The figures were disclosed on April 23 by Mr. Norio Hosomi, Director (Chief Operating Officer of Nissui’s Processed Food Business). Mr. Tetsuya Shindo, General Manager of the Household Foods Department and Mr. Eiichiro Yamahashi, General Manager of the Industrial Foods Department were also present at the meeting.
Sales of consumer frozen food were affected by the scandal surrounding Tianyang Food and decreased by 20% in February and by 19% in March. In April, the extent of the drop eased: sales dropped by a little over 10% that month, an indication of a recovery in the category. Sales to the industrial sector grew by 6% in February and 3% in March. This fiscal term, Nissui hopes to definitely attain an overall increase of 72.4 billion yen or 5%. The projected figures are based on securing a 5% increase in the industrial cooked products category, keeping sales at the same level as the last fiscal period in the cooked frozen food consumer products category, and a forecasted drop in revenue from frozen farm products.

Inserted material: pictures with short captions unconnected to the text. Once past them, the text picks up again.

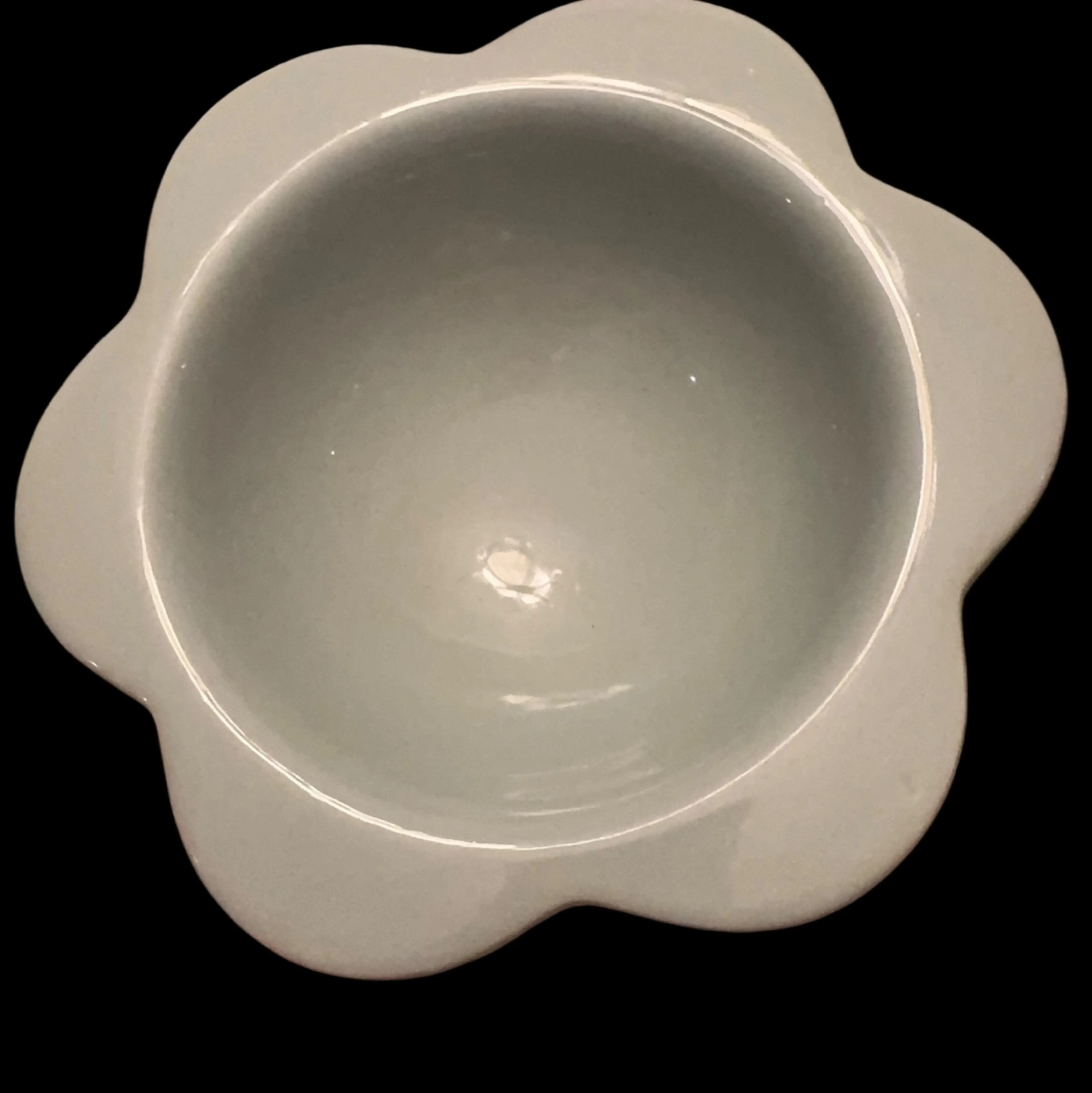Image 3 of 4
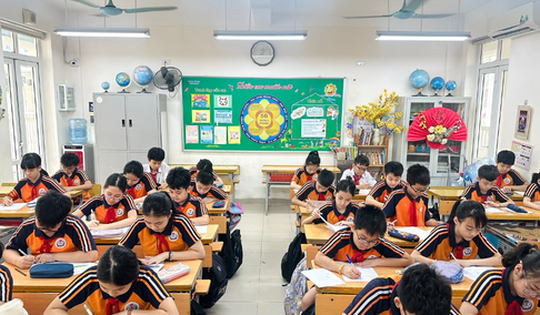 Giáo viên nói gì về chế độ trả tiền lương dạy thêm theo quy định Bộ GD&ĐT mới ban hành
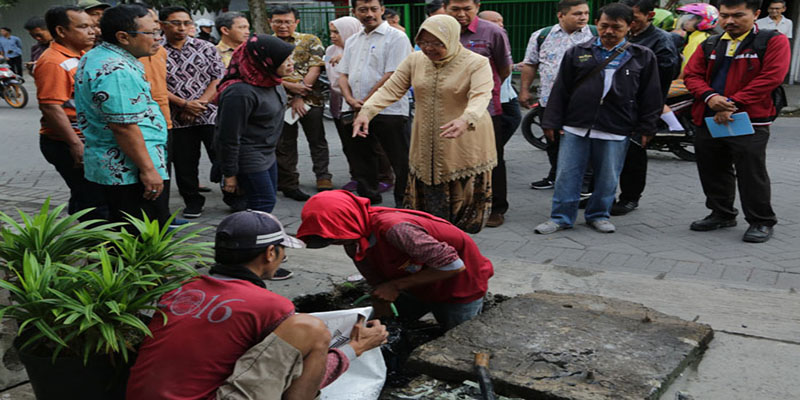 Antsipiasi Banjir, Wali Kota Surabaya Pantau Saluran Air Karang Asem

With a single product that would generate sales of 10 billion yen in mind, Mr. Hosomi said: “We want to develop and strengthen a product with the potential to become Nissui’s “face (flagship.)”
The new Hachikan factory (in Hachinohe, Aomori Prefecture), which is due to be completed in early fall, has been earmarked as a base for manufacturing industrial food products, namely cream sauce based products and seafood-based products. Nissui plans to manufacture calamari tempura, mixed vegetable and seafood tempura, fried seafood, gratins, etc. there.
The company will also invest more effort in revising prices because of the rising cost of and difficulties in procuring raw materials. In the price-revising exercise, the focus will be on improving or discontinuing products through specification changes, etc.